**YOUR INSTRUCTIONS**.
Between the line containing "Leyland Cypress" and the line containing "İhbar üzerine olay" lies a run of lines; give that run again exactly, with both of those lines, and nothing else from the entries below.

**THE RECORDS**.
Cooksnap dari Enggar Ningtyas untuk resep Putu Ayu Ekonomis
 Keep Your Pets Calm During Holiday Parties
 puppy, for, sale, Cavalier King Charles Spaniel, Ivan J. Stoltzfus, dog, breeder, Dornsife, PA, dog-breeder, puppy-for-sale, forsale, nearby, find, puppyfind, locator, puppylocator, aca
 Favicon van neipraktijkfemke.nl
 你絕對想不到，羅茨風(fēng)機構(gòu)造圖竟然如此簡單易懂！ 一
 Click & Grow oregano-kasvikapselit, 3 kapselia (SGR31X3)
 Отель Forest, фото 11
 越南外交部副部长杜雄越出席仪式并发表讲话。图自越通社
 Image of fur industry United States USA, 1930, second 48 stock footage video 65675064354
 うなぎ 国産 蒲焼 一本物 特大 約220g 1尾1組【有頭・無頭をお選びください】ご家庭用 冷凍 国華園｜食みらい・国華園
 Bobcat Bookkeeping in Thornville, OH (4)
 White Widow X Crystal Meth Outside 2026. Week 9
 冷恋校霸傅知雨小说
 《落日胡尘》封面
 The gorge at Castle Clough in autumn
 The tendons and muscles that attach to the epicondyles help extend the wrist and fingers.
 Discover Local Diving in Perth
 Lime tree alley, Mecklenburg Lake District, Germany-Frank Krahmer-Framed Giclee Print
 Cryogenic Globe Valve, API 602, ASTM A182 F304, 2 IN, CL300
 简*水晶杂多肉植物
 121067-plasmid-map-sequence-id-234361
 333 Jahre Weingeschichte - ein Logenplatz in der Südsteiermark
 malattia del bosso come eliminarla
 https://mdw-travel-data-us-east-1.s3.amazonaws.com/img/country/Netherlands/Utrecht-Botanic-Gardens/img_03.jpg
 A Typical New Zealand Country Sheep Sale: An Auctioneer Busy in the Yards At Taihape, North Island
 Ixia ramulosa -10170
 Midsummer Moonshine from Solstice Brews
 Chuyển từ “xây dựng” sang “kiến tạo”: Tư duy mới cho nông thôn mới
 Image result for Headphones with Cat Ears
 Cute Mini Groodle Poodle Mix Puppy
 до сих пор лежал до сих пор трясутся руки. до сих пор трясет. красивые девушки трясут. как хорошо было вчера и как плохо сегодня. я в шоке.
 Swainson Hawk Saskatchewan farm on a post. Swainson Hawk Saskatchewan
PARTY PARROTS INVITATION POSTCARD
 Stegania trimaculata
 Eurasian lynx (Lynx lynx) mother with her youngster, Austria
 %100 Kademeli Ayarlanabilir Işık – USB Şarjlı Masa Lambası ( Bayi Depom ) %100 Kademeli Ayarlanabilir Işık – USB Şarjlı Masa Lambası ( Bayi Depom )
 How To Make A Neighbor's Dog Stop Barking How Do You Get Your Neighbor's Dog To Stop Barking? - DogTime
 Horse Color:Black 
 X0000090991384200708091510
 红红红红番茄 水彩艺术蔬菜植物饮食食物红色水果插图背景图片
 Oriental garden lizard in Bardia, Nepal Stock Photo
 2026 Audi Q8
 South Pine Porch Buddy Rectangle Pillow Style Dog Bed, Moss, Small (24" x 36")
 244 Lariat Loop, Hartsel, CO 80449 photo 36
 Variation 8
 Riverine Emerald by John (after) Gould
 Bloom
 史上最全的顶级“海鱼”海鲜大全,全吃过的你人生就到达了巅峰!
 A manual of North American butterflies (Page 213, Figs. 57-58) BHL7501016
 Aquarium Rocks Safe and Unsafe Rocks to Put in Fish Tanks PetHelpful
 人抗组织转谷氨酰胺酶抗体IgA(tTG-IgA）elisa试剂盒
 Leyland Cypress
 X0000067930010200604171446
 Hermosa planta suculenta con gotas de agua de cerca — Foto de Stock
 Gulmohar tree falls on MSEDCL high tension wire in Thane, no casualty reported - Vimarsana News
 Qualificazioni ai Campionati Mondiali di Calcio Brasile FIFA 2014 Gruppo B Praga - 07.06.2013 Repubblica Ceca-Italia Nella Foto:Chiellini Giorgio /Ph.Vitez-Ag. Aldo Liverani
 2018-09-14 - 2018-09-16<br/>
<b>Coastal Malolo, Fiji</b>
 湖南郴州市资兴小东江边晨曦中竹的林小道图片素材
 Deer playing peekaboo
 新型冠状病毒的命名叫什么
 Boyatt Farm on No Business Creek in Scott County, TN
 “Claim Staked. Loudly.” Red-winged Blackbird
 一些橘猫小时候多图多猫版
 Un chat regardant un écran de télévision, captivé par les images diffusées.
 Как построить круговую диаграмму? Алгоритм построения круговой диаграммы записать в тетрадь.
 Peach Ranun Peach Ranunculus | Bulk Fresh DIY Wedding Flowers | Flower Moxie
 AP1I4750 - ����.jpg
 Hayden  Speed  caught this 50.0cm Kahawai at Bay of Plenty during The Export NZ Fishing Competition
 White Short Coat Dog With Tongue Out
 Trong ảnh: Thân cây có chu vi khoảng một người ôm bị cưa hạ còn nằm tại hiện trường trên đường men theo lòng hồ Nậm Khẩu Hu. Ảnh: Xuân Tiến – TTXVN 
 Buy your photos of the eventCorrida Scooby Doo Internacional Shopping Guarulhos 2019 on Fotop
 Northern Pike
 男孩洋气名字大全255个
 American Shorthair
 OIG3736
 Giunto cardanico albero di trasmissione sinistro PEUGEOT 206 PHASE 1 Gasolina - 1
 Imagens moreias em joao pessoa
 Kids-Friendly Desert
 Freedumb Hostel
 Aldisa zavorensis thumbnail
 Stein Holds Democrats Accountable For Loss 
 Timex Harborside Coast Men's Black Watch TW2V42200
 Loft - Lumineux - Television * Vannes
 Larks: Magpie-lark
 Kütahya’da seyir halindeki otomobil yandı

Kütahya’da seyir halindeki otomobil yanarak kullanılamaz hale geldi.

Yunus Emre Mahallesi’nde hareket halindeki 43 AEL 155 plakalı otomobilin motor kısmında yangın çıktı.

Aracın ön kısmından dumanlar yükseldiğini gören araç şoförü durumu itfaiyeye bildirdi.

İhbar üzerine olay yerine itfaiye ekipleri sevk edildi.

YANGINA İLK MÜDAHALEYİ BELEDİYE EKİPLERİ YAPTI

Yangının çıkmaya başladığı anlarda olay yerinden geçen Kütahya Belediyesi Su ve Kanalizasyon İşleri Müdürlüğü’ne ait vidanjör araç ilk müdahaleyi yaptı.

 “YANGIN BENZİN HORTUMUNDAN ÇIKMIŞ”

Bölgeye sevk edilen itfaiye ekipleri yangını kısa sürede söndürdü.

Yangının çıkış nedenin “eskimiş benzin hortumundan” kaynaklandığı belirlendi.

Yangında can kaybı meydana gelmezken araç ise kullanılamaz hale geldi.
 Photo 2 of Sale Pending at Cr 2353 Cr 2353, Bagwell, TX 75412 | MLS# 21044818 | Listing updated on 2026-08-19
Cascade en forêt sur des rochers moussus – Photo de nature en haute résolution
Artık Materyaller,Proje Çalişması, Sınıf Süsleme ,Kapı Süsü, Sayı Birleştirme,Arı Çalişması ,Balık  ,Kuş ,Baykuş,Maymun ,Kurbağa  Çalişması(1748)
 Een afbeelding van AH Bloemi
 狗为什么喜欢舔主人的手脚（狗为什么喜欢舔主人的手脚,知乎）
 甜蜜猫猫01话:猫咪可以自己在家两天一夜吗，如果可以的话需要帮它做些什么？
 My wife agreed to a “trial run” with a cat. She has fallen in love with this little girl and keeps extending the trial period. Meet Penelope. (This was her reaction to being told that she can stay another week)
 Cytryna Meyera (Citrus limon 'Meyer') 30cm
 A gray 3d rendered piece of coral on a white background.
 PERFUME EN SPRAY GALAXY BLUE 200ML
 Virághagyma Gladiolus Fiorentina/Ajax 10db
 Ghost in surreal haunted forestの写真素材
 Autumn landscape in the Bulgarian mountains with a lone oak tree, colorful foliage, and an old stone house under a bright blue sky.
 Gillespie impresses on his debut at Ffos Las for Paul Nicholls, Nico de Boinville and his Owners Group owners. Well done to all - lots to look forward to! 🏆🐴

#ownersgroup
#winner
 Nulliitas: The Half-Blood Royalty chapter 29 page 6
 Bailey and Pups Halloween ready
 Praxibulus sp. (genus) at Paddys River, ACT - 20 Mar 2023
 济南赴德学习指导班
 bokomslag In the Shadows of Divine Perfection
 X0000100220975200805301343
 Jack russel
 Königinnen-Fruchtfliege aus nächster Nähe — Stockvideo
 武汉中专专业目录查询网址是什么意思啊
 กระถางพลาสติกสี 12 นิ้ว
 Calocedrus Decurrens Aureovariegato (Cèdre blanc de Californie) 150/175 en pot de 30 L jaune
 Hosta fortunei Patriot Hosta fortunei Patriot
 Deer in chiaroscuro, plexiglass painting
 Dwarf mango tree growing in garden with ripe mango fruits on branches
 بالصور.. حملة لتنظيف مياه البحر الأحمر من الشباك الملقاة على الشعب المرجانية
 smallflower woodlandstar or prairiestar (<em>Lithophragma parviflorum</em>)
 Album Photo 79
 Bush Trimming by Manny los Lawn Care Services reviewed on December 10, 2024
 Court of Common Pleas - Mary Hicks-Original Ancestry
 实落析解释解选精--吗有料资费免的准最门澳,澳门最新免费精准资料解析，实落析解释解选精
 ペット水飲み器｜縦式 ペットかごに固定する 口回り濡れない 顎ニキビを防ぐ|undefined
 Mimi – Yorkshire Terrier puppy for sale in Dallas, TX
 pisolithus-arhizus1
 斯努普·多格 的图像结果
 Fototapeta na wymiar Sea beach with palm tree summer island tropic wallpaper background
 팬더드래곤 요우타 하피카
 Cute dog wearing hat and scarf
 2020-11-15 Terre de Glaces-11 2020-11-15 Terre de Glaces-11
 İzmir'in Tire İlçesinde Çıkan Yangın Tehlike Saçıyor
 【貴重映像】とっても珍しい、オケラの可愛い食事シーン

**ANSWER SECTION**.
 Leyland Cypress
 X0000067930010200604171446
 Hermosa planta suculenta con gotas de agua de cerca — Foto de Stock
 Gulmohar tree falls on MSEDCL high tension wire in Thane, no casualty reported - Vimarsana News
 Qualificazioni ai Campionati Mondiali di Calcio Brasile FIFA 2014 Gruppo B Praga - 07.06.2013 Repubblica Ceca-Italia Nella Foto:Chiellini Giorgio /Ph.Vitez-Ag. Aldo Liverani
 2018-09-14 - 2018-09-16<br/>
<b>Coastal Malolo, Fiji</b>
 湖南郴州市资兴小东江边晨曦中竹的林小道图片素材
 Deer playing peekaboo
 新型冠状病毒的命名叫什么
 Boyatt Farm on No Business Creek in Scott County, TN
 “Claim Staked. Loudly.” Red-winged Blackbird
 一些橘猫小时候多图多猫版
 Un chat regardant un écran de télévision, captivé par les images diffusées.
 Как построить круговую диаграмму? Алгоритм построения круговой диаграммы записать в тетрадь.
 Peach Ranun Peach Ranunculus | Bulk Fresh DIY Wedding Flowers | Flower Moxie
 AP1I4750 - ����.jpg
 Hayden  Speed  caught this 50.0cm Kahawai at Bay of Plenty during The Export NZ Fishing Competition
 White Short Coat Dog With Tongue Out
 Trong ảnh: Thân cây có chu vi khoảng một người ôm bị cưa hạ còn nằm tại hiện trường trên đường men theo lòng hồ Nậm Khẩu Hu. Ảnh: Xuân Tiến – TTXVN 
 Buy your photos of the eventCorrida Scooby Doo Internacional Shopping Guarulhos 2019 on Fotop
 Northern Pike
 男孩洋气名字大全255个
 American Shorthair
 OIG3736
 Giunto cardanico albero di trasmissione sinistro PEUGEOT 206 PHASE 1 Gasolina - 1
 Imagens moreias em joao pessoa
 Kids-Friendly Desert
 Freedumb Hostel
 Aldisa zavorensis thumbnail
 Stein Holds Democrats Accountable For Loss 
 Timex Harborside Coast Men's Black Watch TW2V42200
 Loft - Lumineux - Television * Vannes
 Larks: Magpie-lark
 Kütahya’da seyir halindeki otomobil yandı

Kütahya’da seyir halindeki otomobil yanarak kullanılamaz hale geldi.

Yunus Emre Mahallesi’nde hareket halindeki 43 AEL 155 plakalı otomobilin motor kısmında yangın çıktı.

Aracın ön kısmından dumanlar yükseldiğini gören araç şoförü durumu itfaiyeye bildirdi.

İhbar üzerine olay yerine itfaiye ekipleri sevk edildi.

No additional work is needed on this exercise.